I had an Eskimo FlipMo 2 Inferno at one point. I also like that one much more than my Otter. Only thing I didn’t like was I literally kept having like every piece of plastic break on me. It was the perfect shanty minus those issues. 


Sent from my iPhone using Tapatalk


----------



## RiverRanger (Aug 23, 2006)

I vote Otter, i have the Cabin Pro mine gets tipsy but that's only when we have 20+ mph winds and Im by myself, then again what the heck am i doing out there in those winds. One thing that could be happening with the Otter Pros could be the swivel is attached to the seat incorrectly other than that i have no idea how they get tipsy. Otter tubs are the best on the market in my opinion, yes heavy but Im towing it with a snowmobile, I love the fact Otters are built like a tank


----------



## Mole Hill (Jul 15, 2020)

Still using my Clam Yukon shelter built like a tank can't complain after all these years.


----------



## Buddwiser (Dec 14, 2003)

I've put the Eskimo Sierra Thermal 2 man flip on lay-a-way at Franks in Linwood with their Shanty Days sale. Saved 40 bucks. Its not as big as my old Clam Voyager I sold a few years ago nor as heavy and I'll be using it as a one man unit unless the grandson decides he wants to go.


----------



## wateroperator (Nov 8, 2013)

I had a Jason Mitchell Thermal X and loved it but it was too heavy to load and drag around the small inland lakes by myself. If I were fishing big water ice with a sled, I would absolutely have another one and wouldn't even consider an Otter. Personal preference but I haven't sat in an Otter yet that turned my crank.
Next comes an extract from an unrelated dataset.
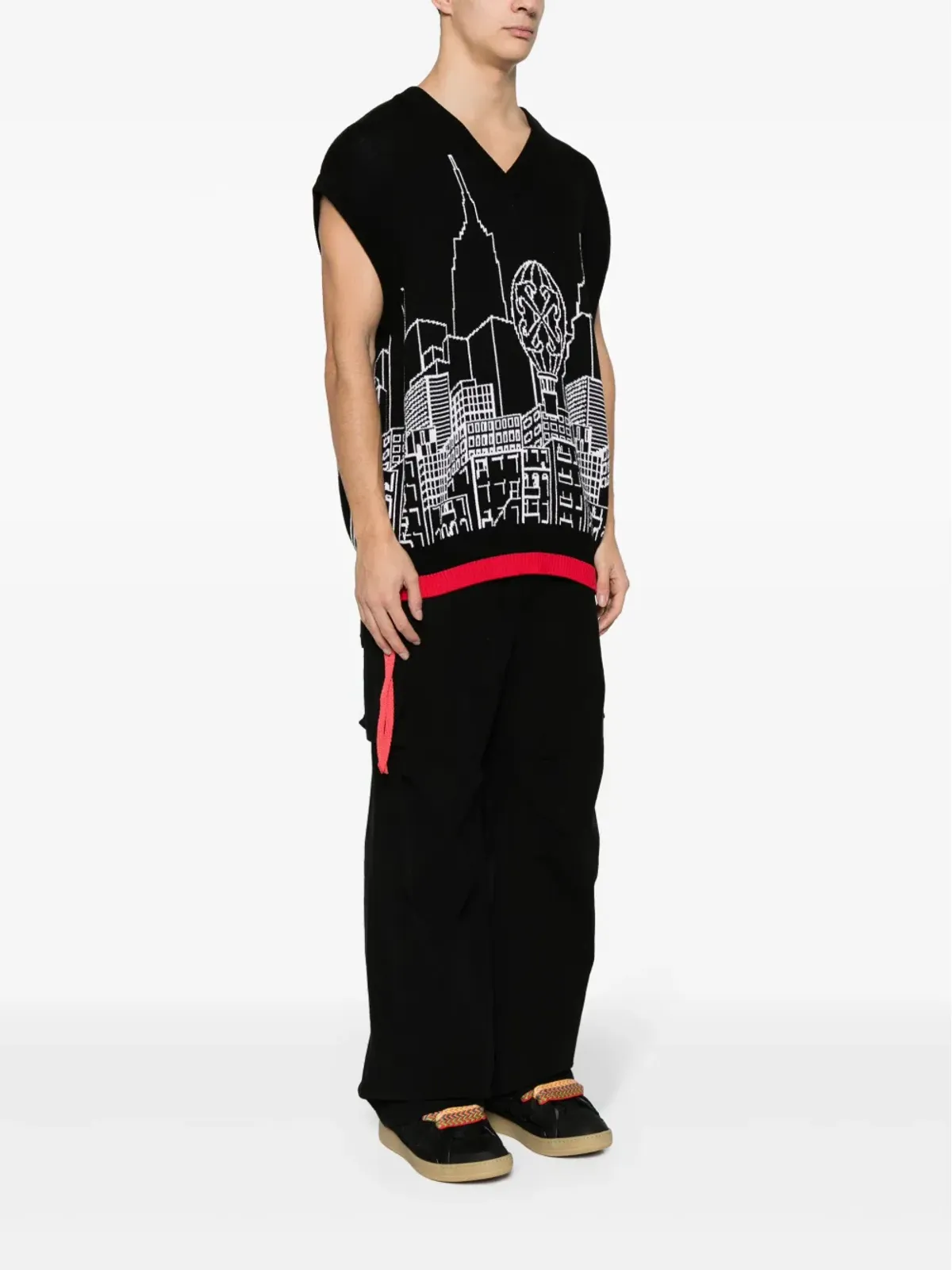 Off-White インターシャニット ノースリーブ ジャンパー ブラック - 画像3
If you're just looking for a shelter for inland ice that's big enough for you and your son, I'd look at the Eskimo brand. I'm in the same exact situation right now. My son is 6 and really discovered fishing this summer. I have an Eskimo thermal hub for when my wife wants to go too but I'd like another easy dragging flip for just the boy and I. So far, the Eskimo flips seem to fit my needs.

Sent from my Pixel 2 using Tapatalk


----------



## aacosta (Dec 18, 2015)

Live near Jackson/Brooklyn area, no one had the thermal eskimo sierra to see in person or order that I could find without driving hours


----------



## Salmonfever (Jan 24, 2008)

I’ve got the Frabill Aegis and like it. Very light. I take 1 seat out unless one of my kids comes with me. The only thing I don’t like is the poles are extendable so when I’m lookin for more room you have to use the push pins and then extend the poles.


----------



## Worm Dunker (Sep 11, 2000)

I put a Eskimo Outbreak 250XD on lay away at Frank's after selling my one and two flip clams. I'm going to try going lighter this year.


----------



## Captain Tan Can (Nov 9, 2005)

usedtobeayooper said:


> I'll be the first to say it: Otter......... Otter, Otter, Otter.
> 
> That said, they aren't cheap, and can get very heavy, so dragging them around can be a pain, but after having my first, it'll take a lot before I'll ever switch to another brand.


----------



## Captain Tan Can (Nov 9, 2005)

Love my Otter 2 man. Comfortable seats, easy to set up, usually tow behind Arctic 700 TRV, but son just bought Polaris 1000 crew 6 man. Can't wait to try it out.


----------



## Big Hoss (Sep 4, 2018)

I used to live in your area. My mind would go like this... Knutson's, close, but limited selection. Cabela's, a drive, but better price and selection. Franks seems to have great prices, but you will probably eat the savings in gas, unless you want to go there as a destination day trip, which some do.
Personally, I went to Cabela's.

Sent from my Pixel 2 using Michigan Sportsman mobile app


----------



## Lever4ever (Dec 2, 2017)

I have a Shappell 200 FXi insulated two man, I don't have a sled, I pull-it by foot. The part a like for my use is the bench seat. The seat slides back or forward. Then I use a light weight stadium seat when alone, I can set- up my gear on the bench, I really like-it. Seat is high enough that milk crates and buddy heater will go under it. 

Sent from my SM-A716V using Tapatalk


----------